Translate this page into:

Original Article

25 (

); 7-13

doi:

10.1016/j.jksus.2012.01.004

Optimal control of a stochastic production-inventory model with deteriorating items

Ahmad M. Alshamrani^*

Department of Statistics and Operations Research, College of Science, King Saud University, P.O. Box 2455, Riyadh 11451, Saudi Arabia

*Tel.: +966 14676279; fax: +966 14676274 ahmadm@ksu.edu.sa (Ahmad M. Alshamrani)

Received: 2011-10-22, Accepted: 2012-1-24, Published: 2012-01-01

Disclaimer:
This article was originally published by Elsevier and was migrated to Scientific Scholar after the change of Publisher.
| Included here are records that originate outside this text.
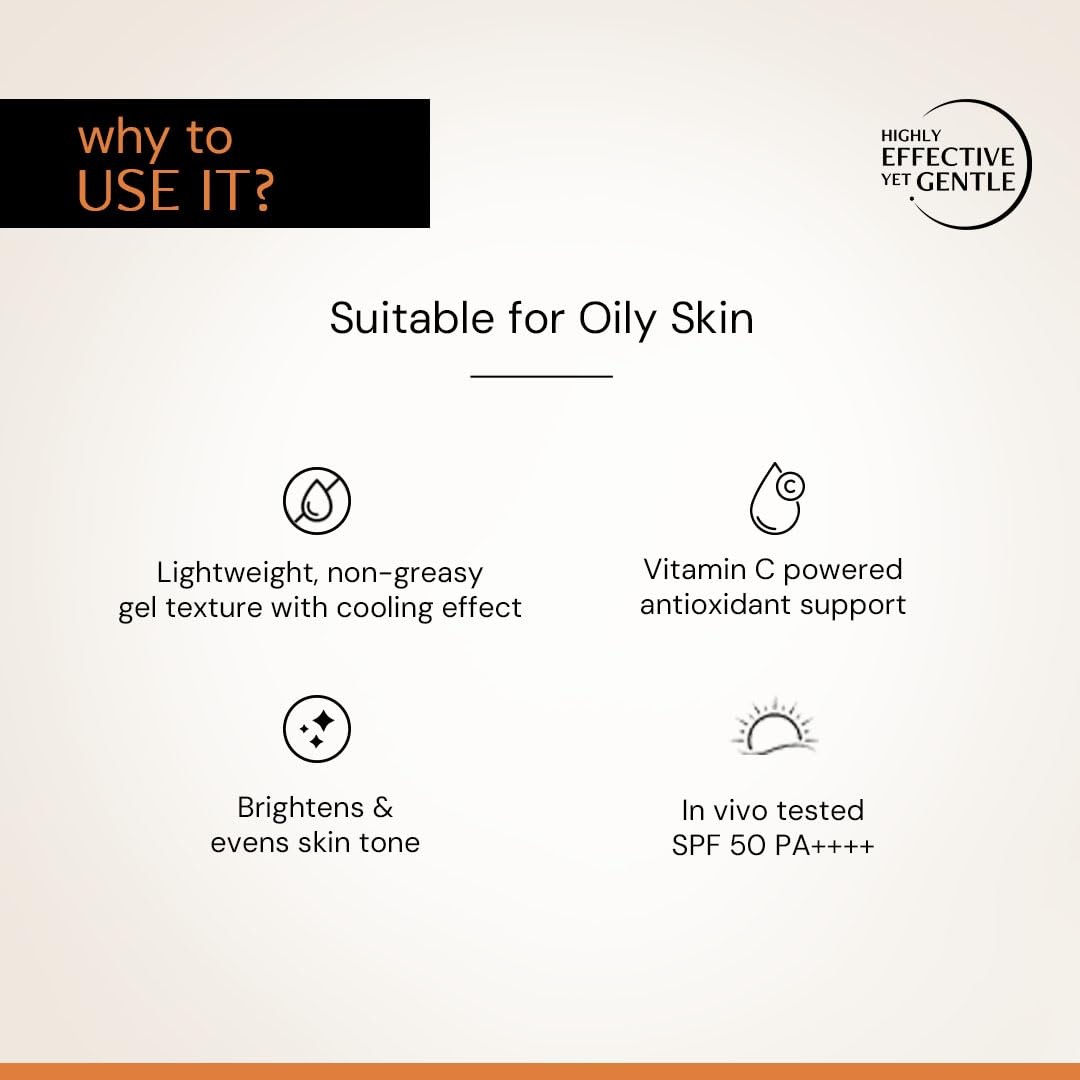 Deconstruct 5% Vitamin C Gel Sunscreen SPF 50 PA++++ 50g Lightweight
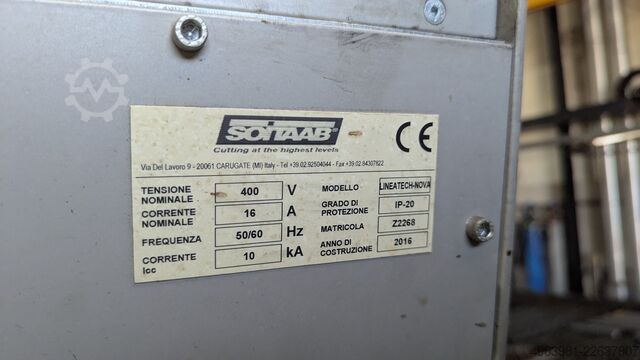 Corte a plasma SOITAAB LINEATECH-NOVA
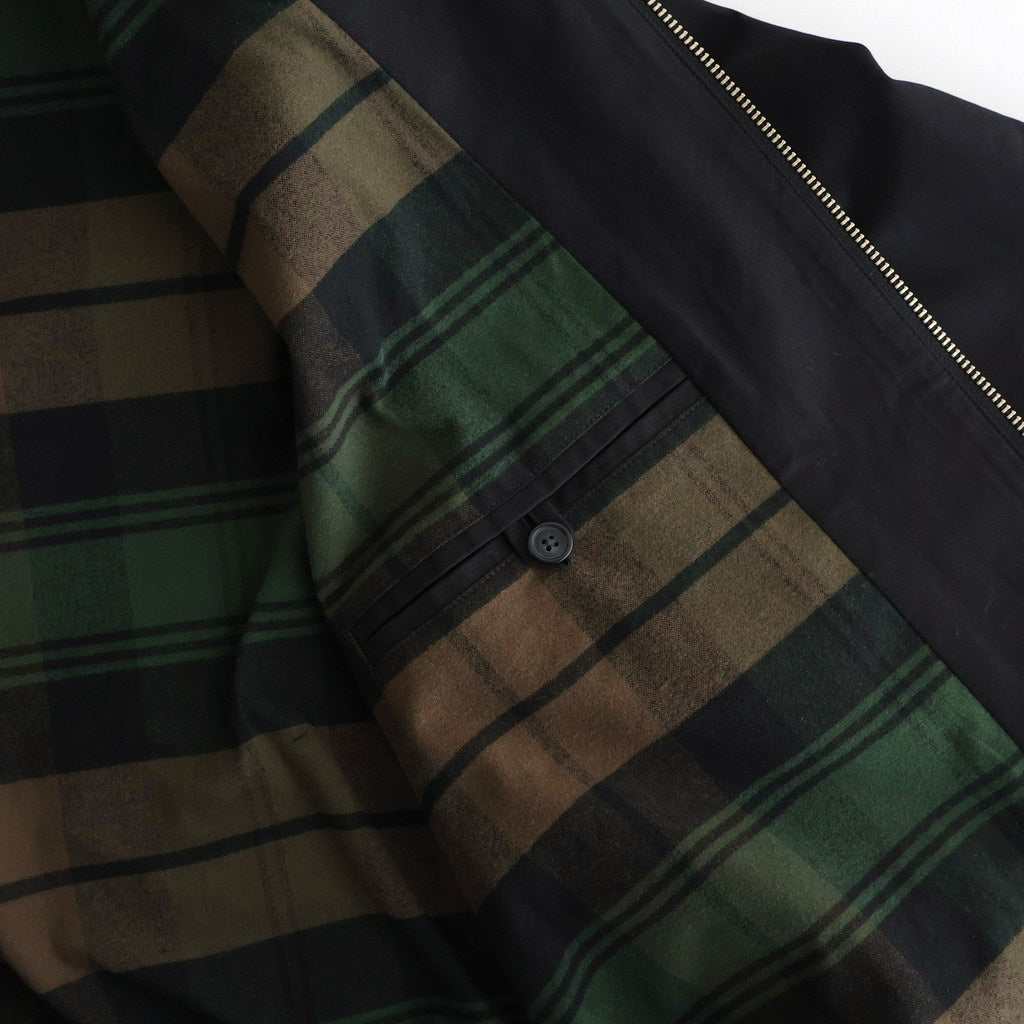 POWDER COTTON SWING TOP BLOUSON #BLACK [FSC254-30061]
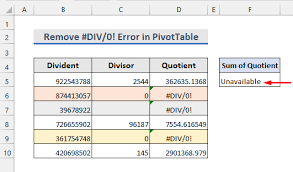 how to remove div 0 error in excel 5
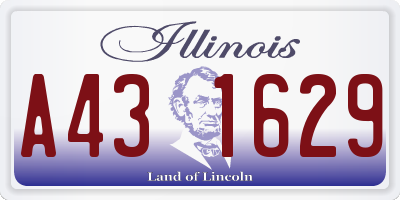 IL license plate A431629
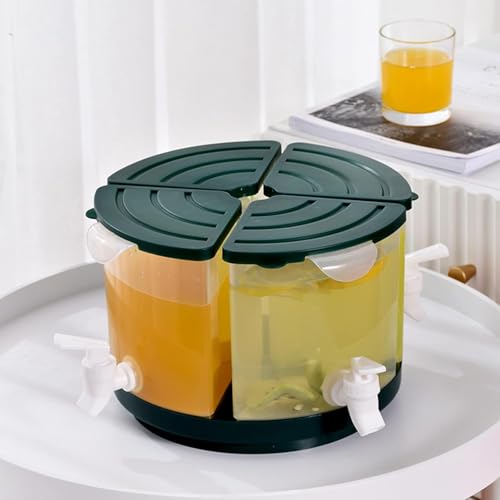 Beverage Dispenser for Fridge (Green)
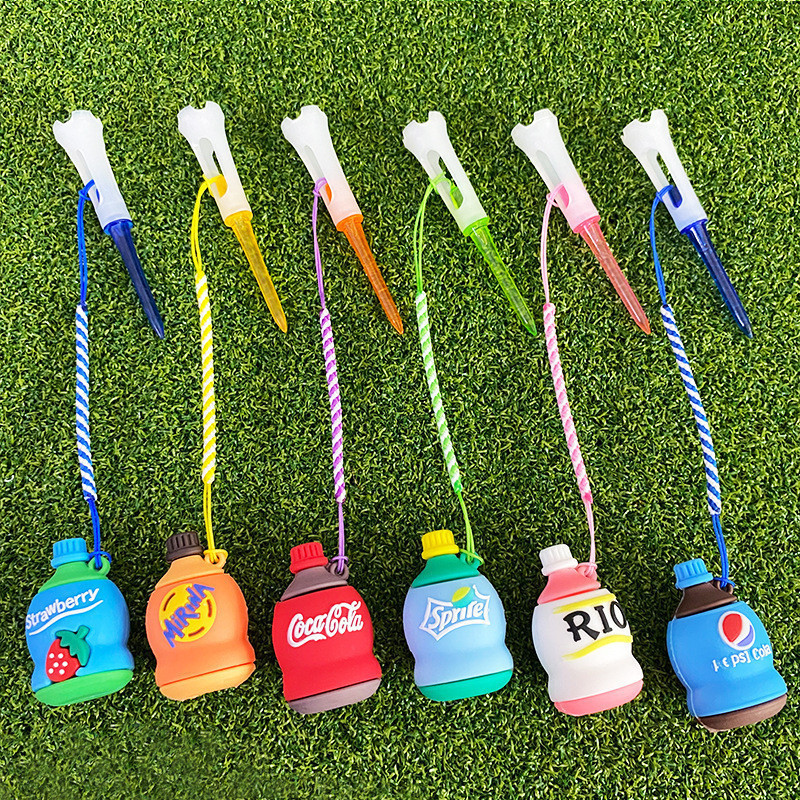 GOLF TEE จี้การ์ตูนสนุก Golf TEE Anti-lost Golf Seat Accessories Tee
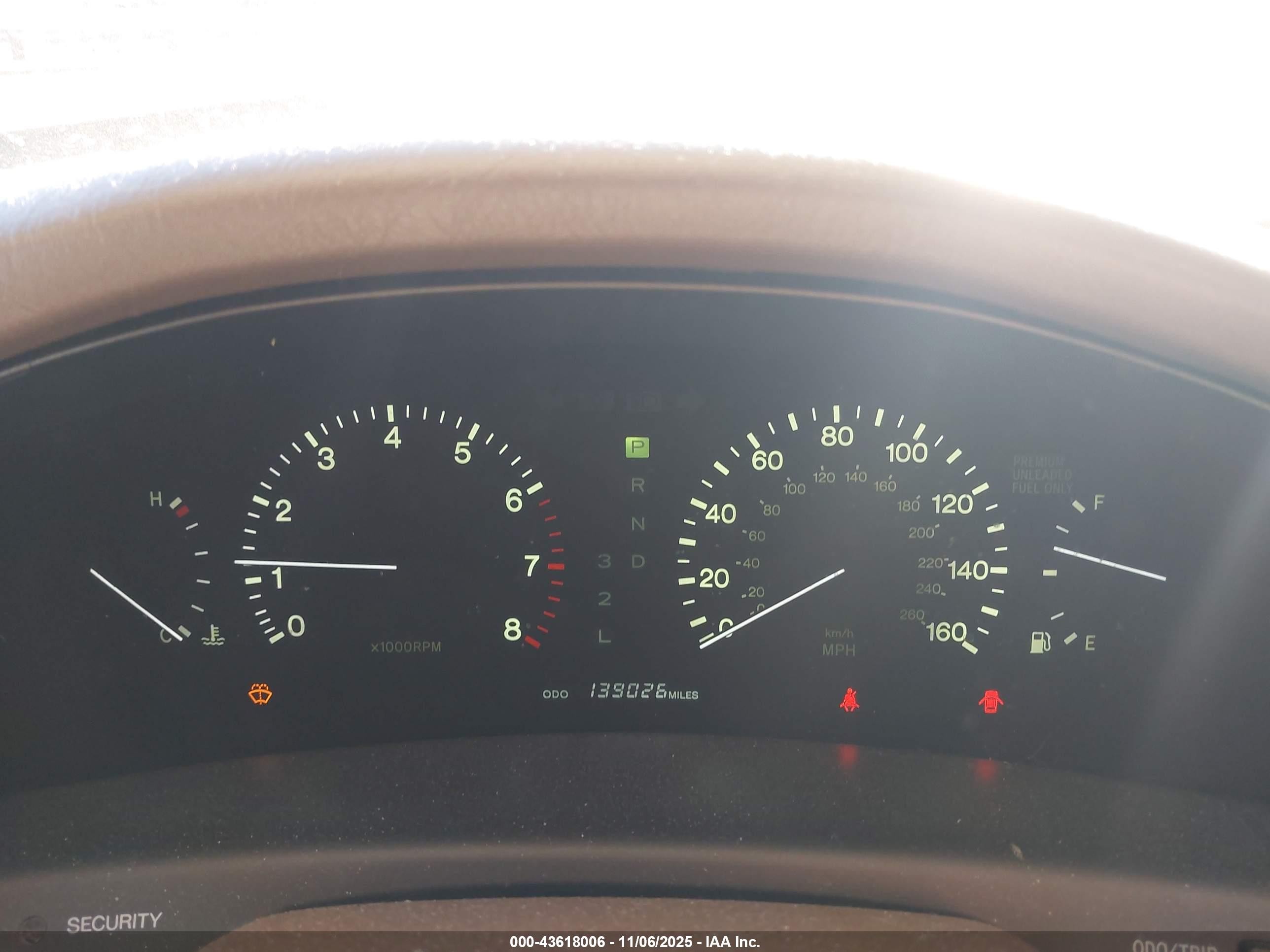 1997 Lexus Ls 400   Tan vin: JT8BH28F9V0090986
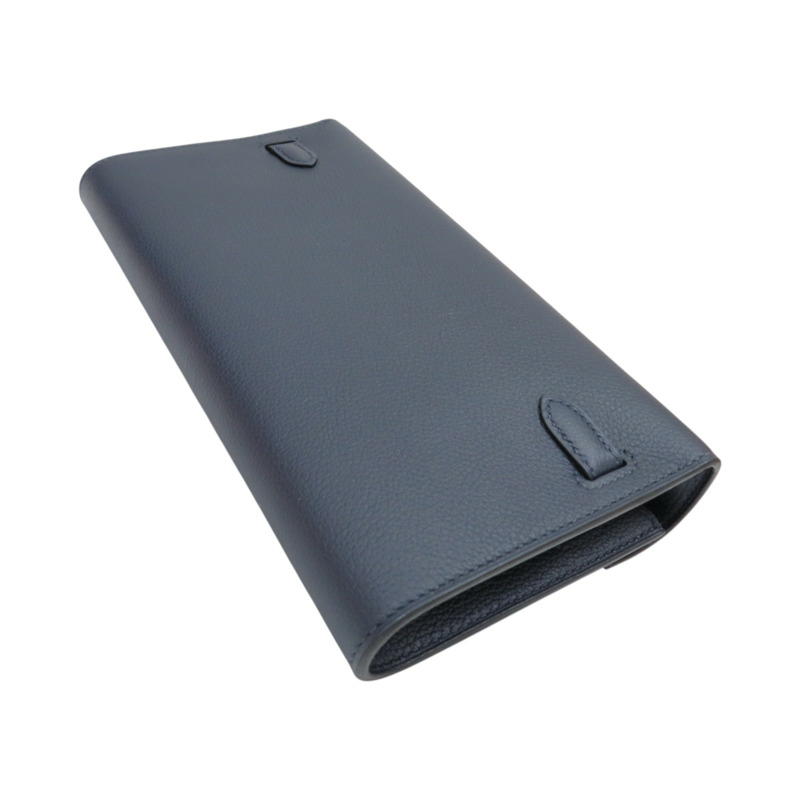 午夜藍 Evercolor牛皮 Kelly To Go Wallet 肩背包 K刻 銀扣【HERMES 愛馬仕】-3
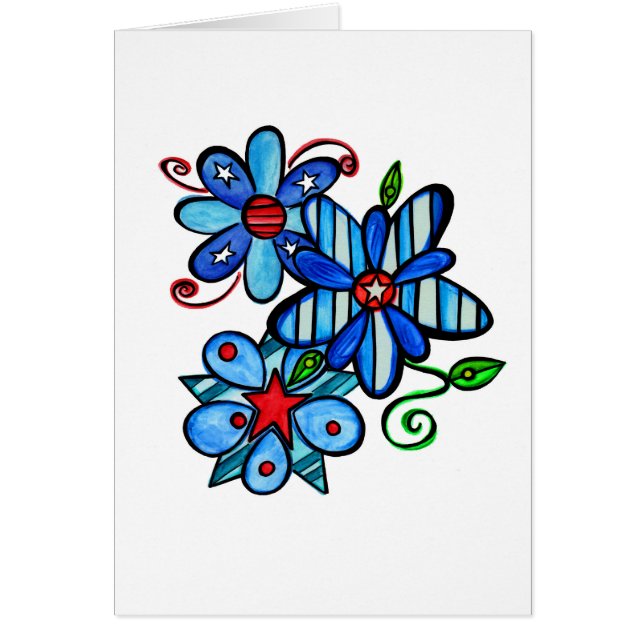 Tarjeta patriótica - esconda dentro. (Frente)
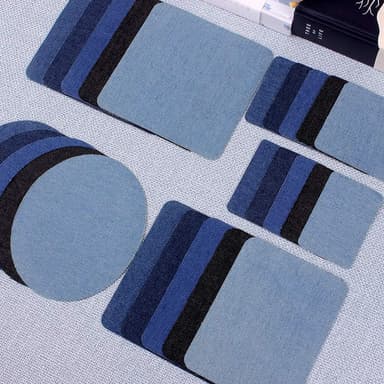 25 delar nylon oval-formad fyrkantig självhäftande reparationslappsats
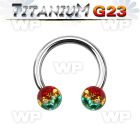 h64dasa g23 titanium cbr horseshoe 1 6mm 5mm multi crystal ball belly piercing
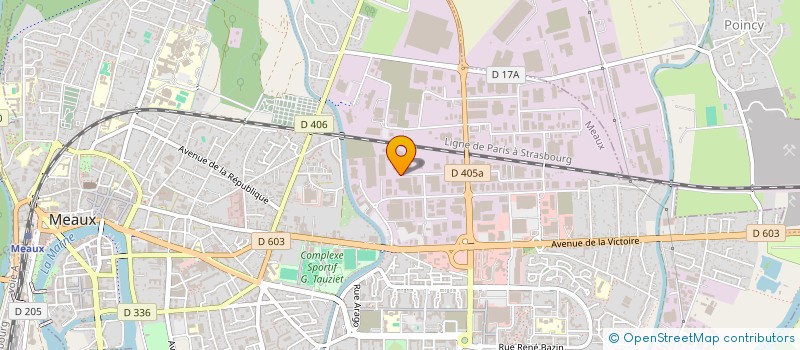 localisation de l'entreprise ROC SECURITE à MEAUX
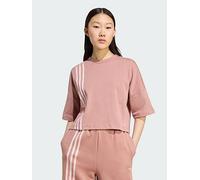 adidas Originals Off Placed 3-Stripes Tee, Black, Size 2Xl, Women Black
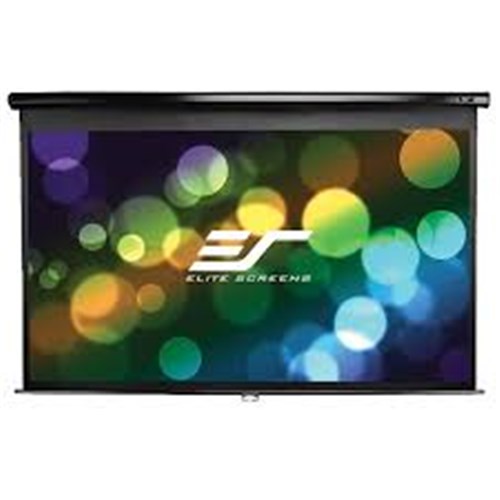 135" 4:3 PULL DOWN SCREEN MANUAL WALL / CEILING MOUNT BLACK CASING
Available online 1 February 2012

Peer review under responsibility of King Saud University.

Abstract

This paper considers a stochastic optimal control of an inventory model with a deterministic rate of deteriorating items. The dynamics of the inventory model includes a perturbation by a Wiener process. The paper uses Hamilton–Jacobi–Bellman principle to find a nonlinear partial differential equation that the value function must satisfy. The partial differential equation is solved by assuming a particular form for the solution and finding three functions Q(t), M(t), and R(t) of time by substituting the assumed solution form back in the partial differential equation. The paper then proceeds to find the optimal expected production rate and the optimal expected inventory level. The paper discusses some special cases for specific parameter values and provides some numerical examples.

Keywords

Expected inventory level

Current value function

Expected total cost

Deteriorating items

Show Related Articles from PubMed

1 Introduction

Including stochastic elements in planning problems is more realistic than simple deterministic analysis. Therefore, the framework used in this paper, the stochastic optimal control, are well suited for addressing many general problems including inventory control problems. The literature on the inventory models with deteriorating items has been around for decades, leading to survey papers such as Goyal and Giri (2001). There have also been papers that combine the idea of deteriorating inventory items with optimal control such as Benkherouf and Aggoun (2002). In this paper, we study a stochastic optimal control of a production-inventory model with deteriorating items in the presence of random disturbances.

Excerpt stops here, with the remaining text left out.